▶ **YOUR OBJECTIVE**: Give the data again in full, exactly as written below.

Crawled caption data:

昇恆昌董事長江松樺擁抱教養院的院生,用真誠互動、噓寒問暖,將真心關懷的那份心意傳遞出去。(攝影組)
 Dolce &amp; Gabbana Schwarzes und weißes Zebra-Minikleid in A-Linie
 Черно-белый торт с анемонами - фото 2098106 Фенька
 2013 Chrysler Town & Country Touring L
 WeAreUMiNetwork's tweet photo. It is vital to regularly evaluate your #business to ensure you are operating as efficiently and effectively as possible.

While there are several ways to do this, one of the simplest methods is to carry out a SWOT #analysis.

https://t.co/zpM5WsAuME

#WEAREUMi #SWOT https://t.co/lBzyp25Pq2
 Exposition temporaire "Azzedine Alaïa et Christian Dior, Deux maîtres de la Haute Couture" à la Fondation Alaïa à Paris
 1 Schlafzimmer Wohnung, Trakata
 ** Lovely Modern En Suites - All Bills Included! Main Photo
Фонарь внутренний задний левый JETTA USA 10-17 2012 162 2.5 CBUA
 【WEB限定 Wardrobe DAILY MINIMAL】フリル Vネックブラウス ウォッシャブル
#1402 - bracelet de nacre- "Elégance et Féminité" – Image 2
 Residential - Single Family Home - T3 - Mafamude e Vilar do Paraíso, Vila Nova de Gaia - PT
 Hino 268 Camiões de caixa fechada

▶ **OUTPUT FOR THIS EXERCISE**:
昇恆昌董事長江松樺擁抱教養院的院生,用真誠互動、噓寒問暖,將真心關懷的那份心意傳遞出去。(攝影組)
 Dolce &amp; Gabbana Schwarzes und weißes Zebra-Minikleid in A-Linie
 Черно-белый торт с анемонами - фото 2098106 Фенька
 2013 Chrysler Town & Country Touring L
 WeAreUMiNetwork's tweet photo. It is vital to regularly evaluate your #business to ensure you are operating as efficiently and effectively as possible.

While there are several ways to do this, one of the simplest methods is to carry out a SWOT #analysis.

https://t.co/zpM5WsAuME

#WEAREUMi #SWOT https://t.co/lBzyp25Pq2
 Exposition temporaire "Azzedine Alaïa et Christian Dior, Deux maîtres de la Haute Couture" à la Fondation Alaïa à Paris
 1 Schlafzimmer Wohnung, Trakata
 ** Lovely Modern En Suites - All Bills Included! Main Photo
Фонарь внутренний задний левый JETTA USA 10-17 2012 162 2.5 CBUA
 【WEB限定 Wardrobe DAILY MINIMAL】フリル Vネックブラウス ウォッシャブル
#1402 - bracelet de nacre- "Elégance et Féminité" – Image 2
 Residential - Single Family Home - T3 - Mafamude e Vilar do Paraíso, Vila Nova de Gaia - PT
 Hino 268 Camiões de caixa fechada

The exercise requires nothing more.